* **INFORMATION SUPPLIED**:
↓

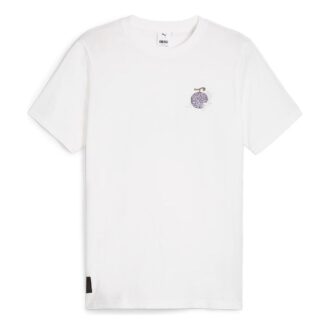 Camiseta gráfica PUMA x ONE PIECE “Blanca”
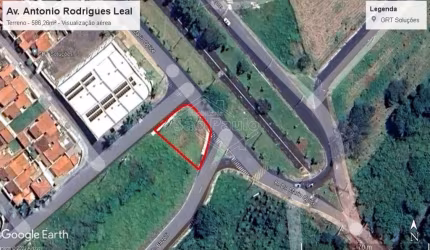 Terreno à venda no Parque Igaçaba, Araraquara  por R$ 500.000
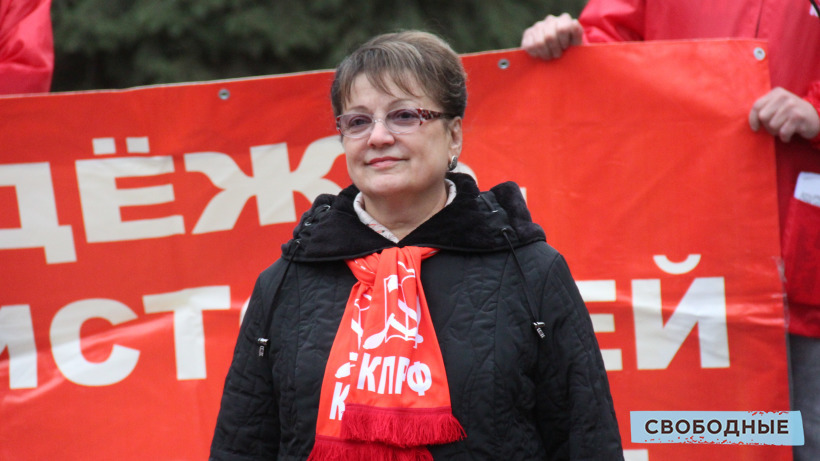 Алимова: Зюганов обеспокоен задержанием в Саратове депутата Бондаренко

↑

* **THE TASK**: Send back the data above verbatim, leaving out its pictures.

* **TASK RESULT**:
 Camiseta gráfica PUMA x ONE PIECE “Blanca”
 Terreno à venda no Parque Igaçaba, Araraquara  por R$ 500.000
 Алимова: Зюганов обеспокоен задержанием в Саратове депутата Бондаренко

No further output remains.